It always takes a while to actually find out how bad things are in the “paper” economy, but we’re now somewhere around a year and a half into the current recession, at least the way it’s measured in official terms. But we can look at the long lines at food banks, the increasing numbers of people who are laid off temporarily, or longer, the pressure on budgets for families, businesses and governments, and know that we aren’t past the worst of it yet.

Hidden away in the sudden collapse of the big things that are measured every day is the resurgence of some of the fundamentals of life that have been less visible for a while. Everywhere I go, I’m seeing new garden spaces tilled up, and larger gardens where before there were smaller ones. Some fields have been plowed that had been in sod for a long time. I’m looking forward to seeing the next stage – what people are planting; how many people are putting a few beef animals out on that field that hasn’t been grazed for a while; whether new customers are joining the many new vendors at farmers’ markets – which seem to be springing up in almost every community.

For MOFGA, this has been a very busy spring. Our workshops, on subjects ranging from CSAs, to Spring Growth on organic grains, to Tree Pruning, were full. Dozens of people filled out their forms to have their farms be newly certified as organic. Twenty-four people entered as new journeypersons. Over 200 people applied for apprenticeships, an all-time record.

These are signs of success. They are also indicators of how the world is changing so that food is a more central element in people’s lives.

How do we tie all these pieces together? Perhaps it is as simple as awareness. If we can see the changes taking place, if we can make new connections ourselves, then the many pieces happening in our communities become more important, more likely to make a difference.

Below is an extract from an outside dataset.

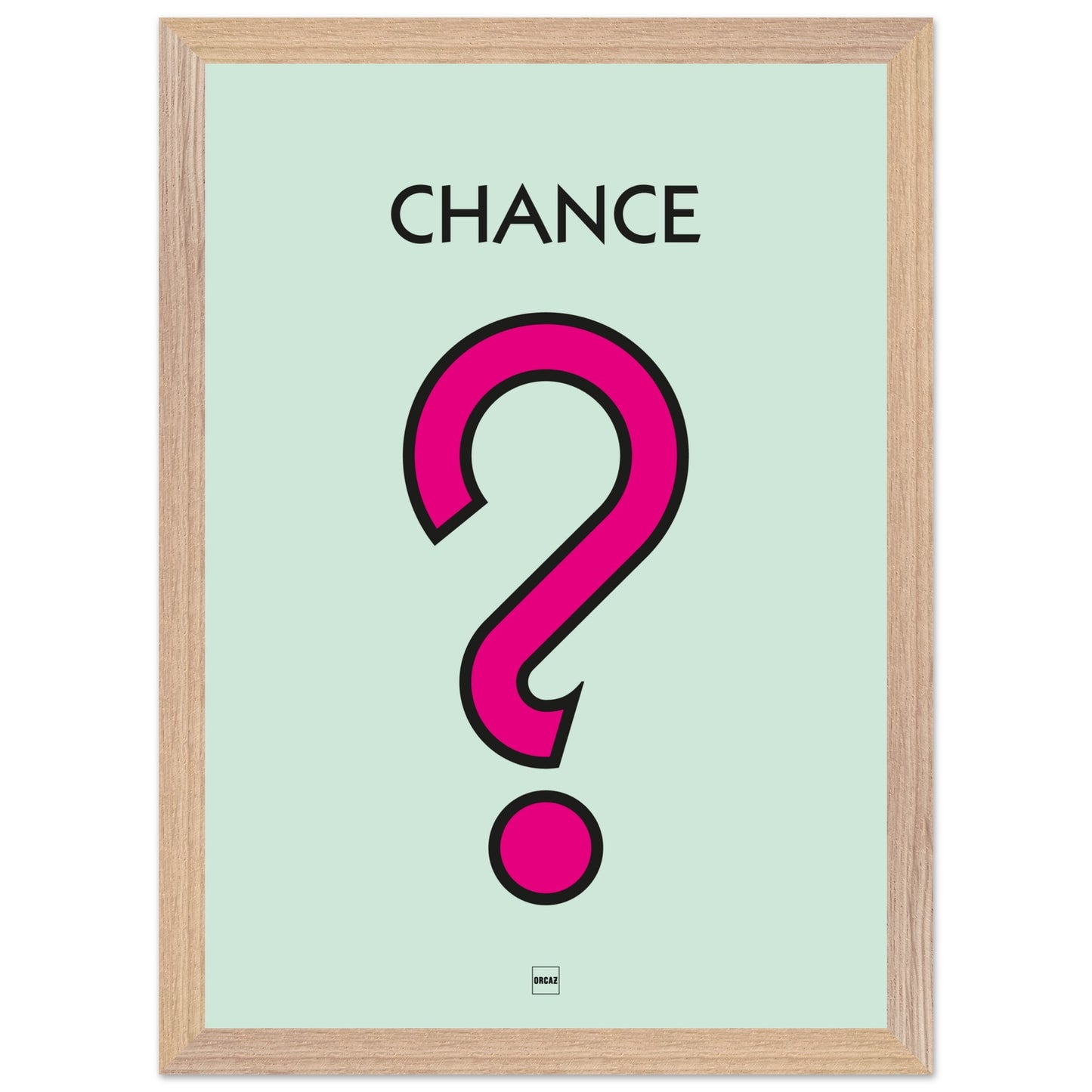 Affiche décorative avec encadrement inspirée de l'illustration Chance du jeu Monopoly.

At Three Sisters Farm, we’ve planted a few more apple trees, put up a new grape arbor, and opened up the big garden across the road that had been in sod for a few years. We hope that the cover crop of buckwheat that grew there last year will keep the grass down to a manageable level this year while we cover crop the next section. And a few more friends have decided to connect for eggs and other products.

On the larger scale, MOFGA has been deeply engaged in federal discussions about food safety over the last three months. All of us have a responsibility here, to help make quality food available throughout our communities and beyond. But perhaps the largest responsibility is to keep building connections, to make sure we can always answer the question, “Who’s your farmer?”

Summer is upon us. I hope you enjoy many pleasant meals and celebrations in the months ahead, and that you can often point with pride to the food that helps you make those deep connections.